Rivera Center Proposals To Increase Latino Teachers
Here are some highlights of the Tomas Rivera Center's policy recommendations on increasing the number of Latino teachers:
- The U.S. Education Department should provide incentives to state teacher-certification agencies to explore and adopt new assessment procedures in both basic skills and subject-matter areas. The current standardized tests, the center argues, "carry racial and ethnic-group biases and there is no correlation between passing the standardized test and success in classroom teaching.''
- The federal government should create a student-loan-forgiveness program for teachers prepared and committed to work in low-income urban and rural Latino communities.

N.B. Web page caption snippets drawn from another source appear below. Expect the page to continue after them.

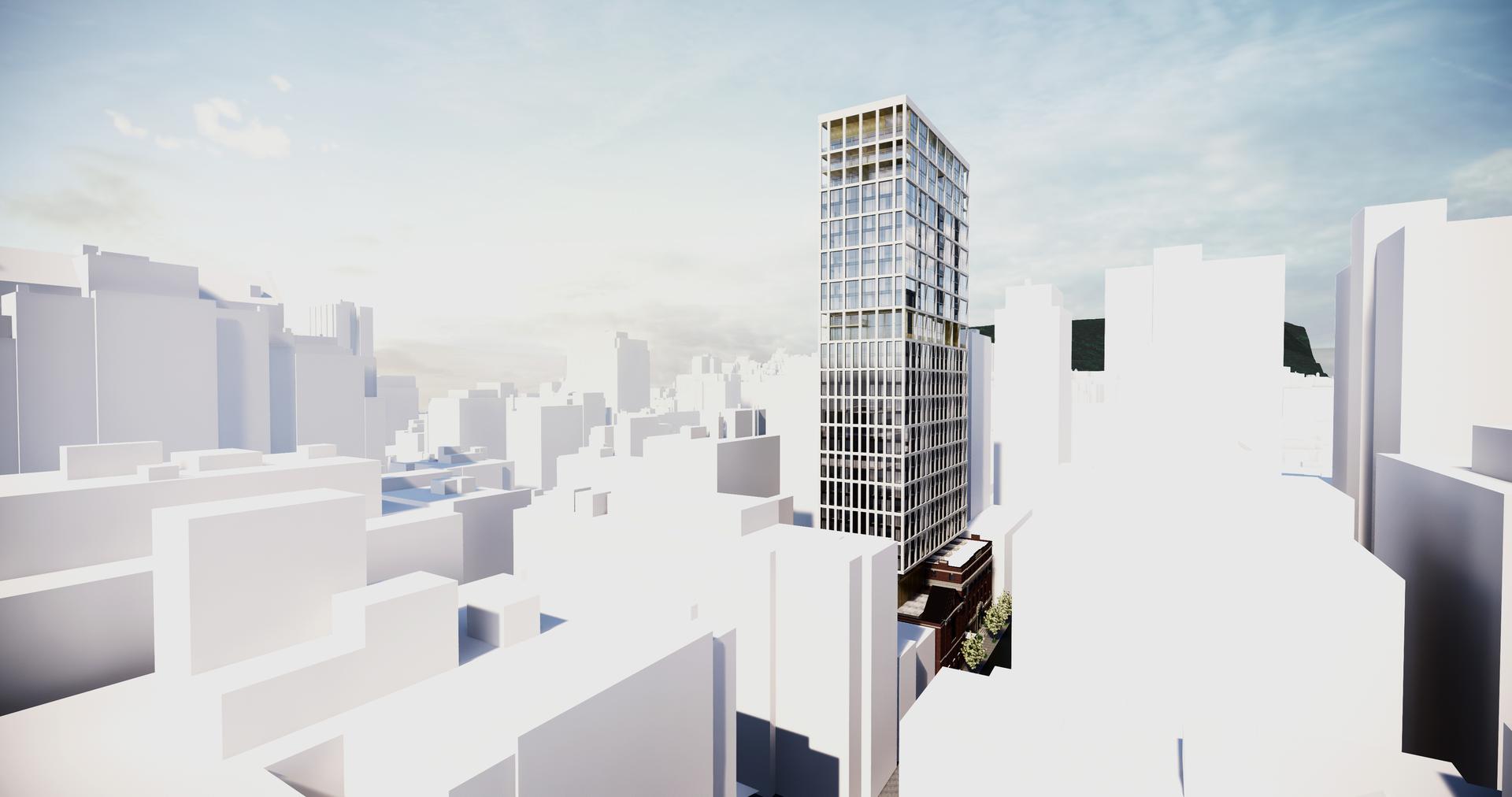 MAA Condominiums & Penthouses - image 5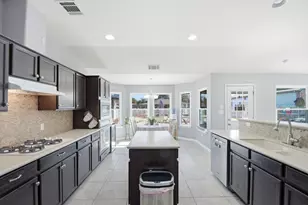 3611 Winding Way, Round Rock, TX 78664 - Photo 13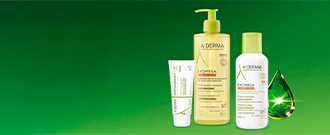 DR.MAX - A-Derma 3za2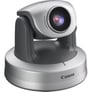 Canon 2064V111 Image 1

- Teacher education programs should not limit their focuses to bilingual education. Instead, they should recognize the varied needs of Hispanic students, including immigrant and native-born students, those who speak only English or Spanish, and those who speak both languages.
- The Education Department should create a fellowship program to support Latino graduate students interested in becoming teacher-educators. The pool of Latino faculty members interested and prepared to work in teacher education is now "extremely limited.''
- School districts should work with teacher education programs to hire Hispanic teacher candidates as part-time instructional assistants. Currently, districts tend to wait for qualified candidates to apply for teaching jobs, rather than helping develop them.
- Districts should do more to encourage Latino instructional assistants to pursue degrees and receive teaching credentials. Districts also should develop new career opportunities that would allow teachers who are successful with Latino students to work as teacher-educators.